DBS Vickers Securities (DBSVS) has carried out an analysis of VGI Public Company Limited (VGI)’s 2021 earnings outlook, expecting the operational performance loss of 21 million baht in 4Q20/21 (ended March 2021), compared to a record high net profit of 713 million baht in 3Q20/21, as this quarter is typically considered as the low season for business and Thailand had a resurgence of Covid-19.
Even though OOH advertising business has shown a slowdown in 4Q20/21, VGI will record an offsetting revenue of 513 million baht from share of profit from investments in KEX (Kerry Express).
According to VGI’s 2021-2022 guidance (ended March 2022), VGI estimated revenue should stand out at 3,800-4,000 million baht and net profit margin at 20-25% or accounting to 760-1,000 million baht earnings vs. DBSVS’s previous earnings forecast of 1,179 million baht.

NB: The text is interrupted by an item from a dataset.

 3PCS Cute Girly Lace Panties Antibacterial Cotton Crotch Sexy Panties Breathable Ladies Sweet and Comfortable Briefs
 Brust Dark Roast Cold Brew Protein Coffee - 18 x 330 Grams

With the Covid-19 impact and intense competition among freight forwarders, DBSVS has trimmed 2021-2021 earnings outlook by 32% to 801 million baht from 1,179 million baht, based on 1) gross profit margin would drop to 45% from 49% and 2) share of profit from joint ventures and subsidiaries would decline to 157 million baht from 284 million baht due to Covid-19’s effects on the operation of MACO in Malaysia and Indonesia, together with intense competition among Thai logistics providers. Overall, VGI’s performance is on a recovery path compared YoY, earnings in 2021-2022 are expected to reach 87 million baht and 600 million baht, respectively.

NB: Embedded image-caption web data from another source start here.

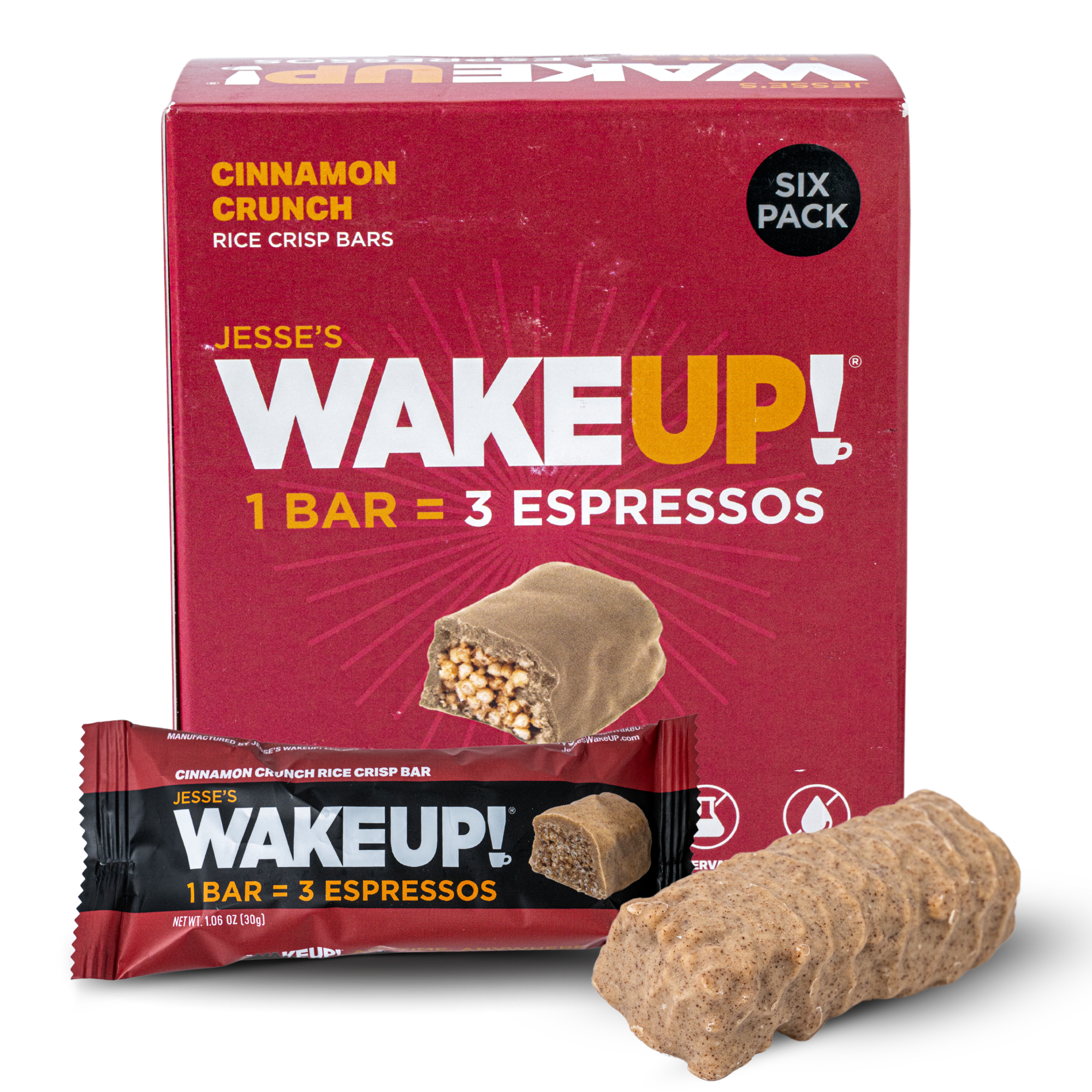 WakeUP! Caffeinated Cinnamon Crunch Protein Bars - 6 Pack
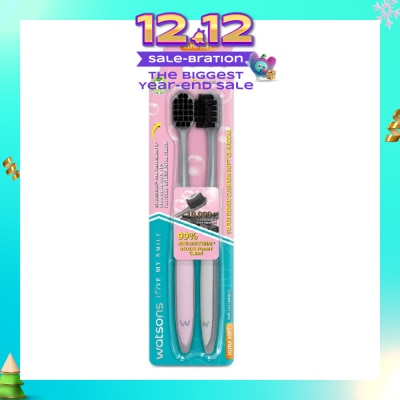 WATSONS Super Dense Cushion Soft Charcoal Toothbrush Ultra Soft (<0.01mm Ultra-Fine Soft Anti-Bacterial Bristles + Wide Head) 2s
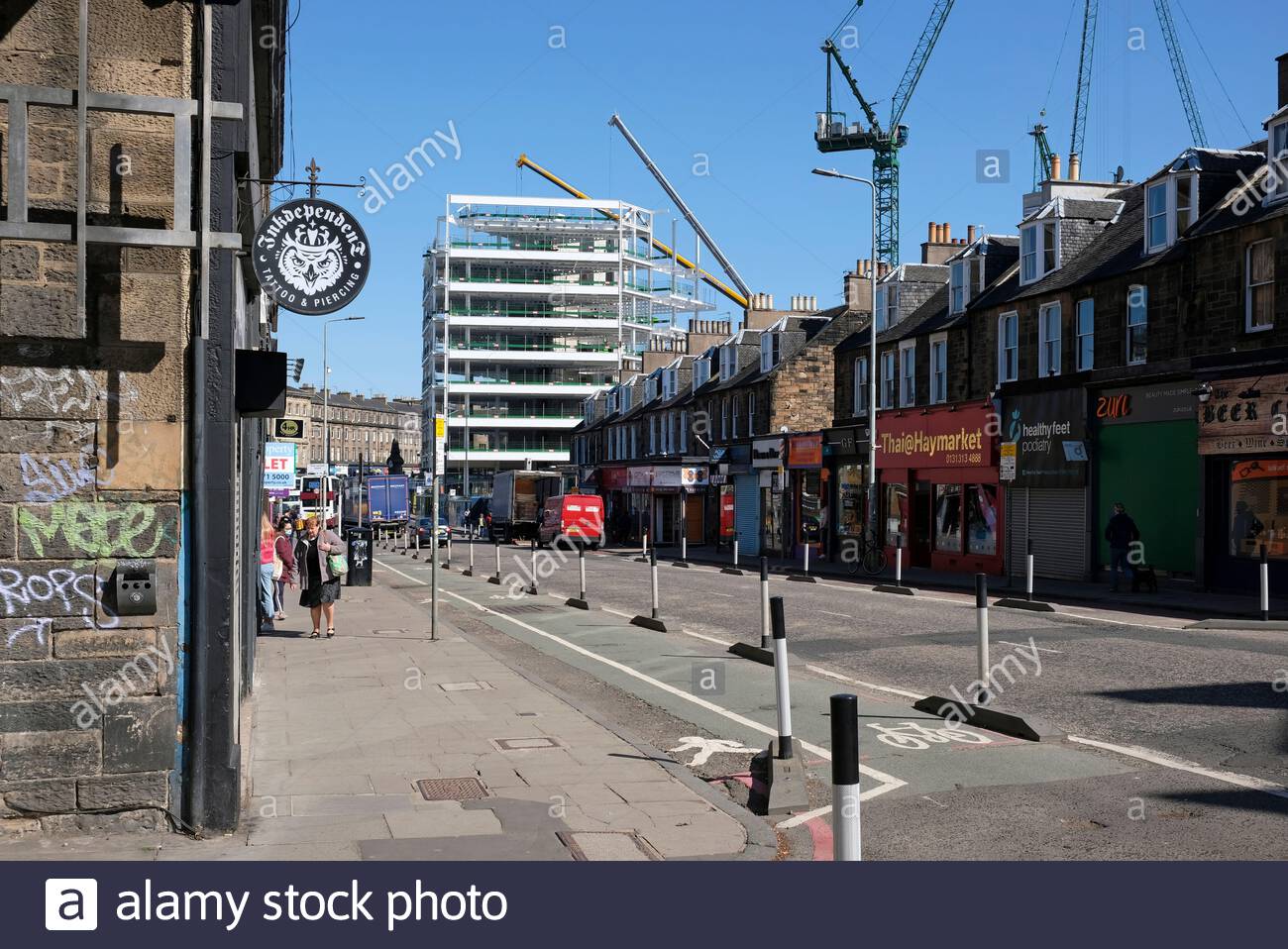 Haymarket Gap site redevelopment from Dalry Road, extra space for social distancing due to the Covid-19 coronavirus measures Edinburgh, Scotland Stock Photo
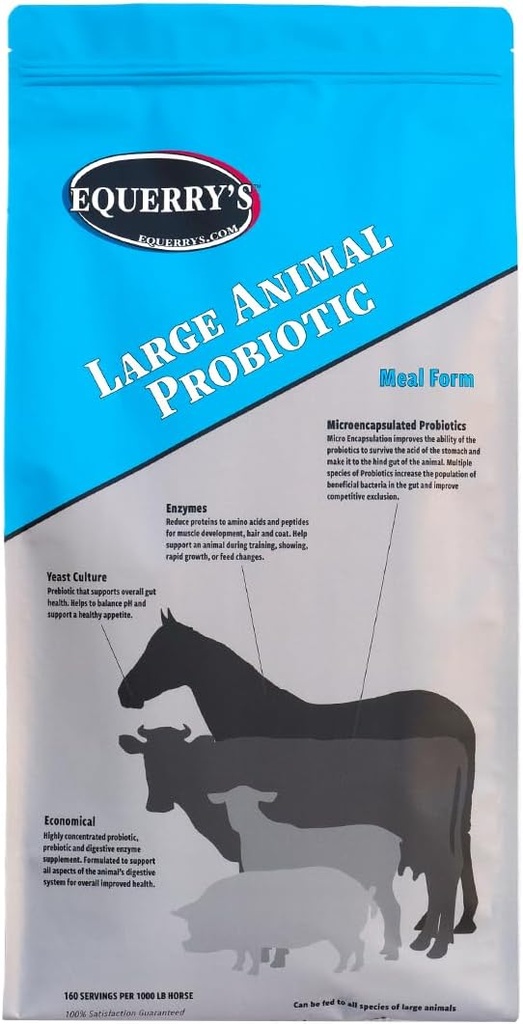 Equerry 's Large Animal Probiotic Measures 124; Kosttilskud til Gut Health and Nutrient Absorption Measures 124; Probiotika og fordøjelsesenzymer til heste, køer, geder, får, grise, 160 Feasures (20lbs) for 1000 lb Animal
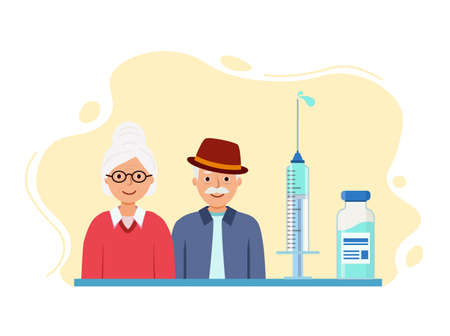 Grandparents are vaccinated against corona virus. Protecting elderly from coronavirus.のイラスト素材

For the joint venture Rabbit Cash, DBSVS expected the company to record a loss in the first three years, but has a bright long-term prospect.
DBSVS has given a “BUY” recommendation on VGI with a new target price of ฿7.48/share in line with 2021-2022 earnings forecast revision, stating OOH advertising and digital service business to recover align with Thailand’s economy and the expansion of BTS.